Cautionary Note Regarding Forward-Looking Statements
The information in this report includes “forward-looking” statements within the meaning of Section 27A of the Securities Act of 1933 and Section 21E of the Securities Exchange Act of 1934 (“1934 Act”) and applicable Canadian Securities legislation, and is subject to the safe harbor created by those sections. Factors that could cause results to differ materially from those projected include, but are not limited to, results of current exploration activities, the market price of precious and base metals, the availability of joint venture partners or sources of financing, and other risk factors detailed in “Risk Factors Related to Our Business” in Management’s Discussion and Analysis for the year ended November 30, 2007 available on the SEC’s EDGAR system at www.sec.gov.
1.1 The effective date for this report is April 7, 2008.
1.2 Overview of Operations
Pursuant to an Agreement dated January 20, 1995, the Company acquired, through its subsidiary Ungava Mineral Exploration Inc. (“UMEI”), a 100% working interest, subject to two 1% net smelter returns royalties, in mineral rights to approximately 150 square kilometers of land located in the Ungava area of Ruperts Land, Quebec (the "Property”).

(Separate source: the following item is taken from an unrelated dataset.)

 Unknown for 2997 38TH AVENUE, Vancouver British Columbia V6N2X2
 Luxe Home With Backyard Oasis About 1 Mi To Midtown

On January 12, 2001, the Company entered into an Agreement with Canadian Royalties Inc. ("Canadian") under which Canadian may earn up to an 80% interest in the Property. Canadian has been vested with a 70% interest in the Property. Under this Agreement, Canadian will earn a further 10% interest by producing a Bankable Feasibility Study (“BFS”) on the Property which is acceptable by a financing bank or financing entity for the purpose of putting the Property into commercial production on a non-recourse basis. After Canadian has earned its 80% interest, the companies will enter into a joint venture. The Company's joint venture interest will be subject to dilution for non contribution to subsequent ongoing exploration and development expenses incurred after the banker’s acceptance of the BFS for a financing commitment and, if reduced to a 10% joint venture interest, will be automatically converted to a 1% net smelter returns royalty, which Canadian may purchase for $1,500,000.
In June 2007, Canadian published the highlights of a purported BFS and on June 29, 2007 published a Technical Report relating to this purported BFS indicating that it was proceeding with permitting applications and an environmental and social impact analysis. The purported BFS proposes that the Property be put into production and mined in conjunction with a deposit owned by Canadian. Canadian has also announced that the purported BFS will be “updated” to include production from the Mequillon deposit on the Property. Canadian has initiated the development of the Property as a Ni-Cu-PGE mining and milling operation. To date Canadian has not obtained permits required for mining.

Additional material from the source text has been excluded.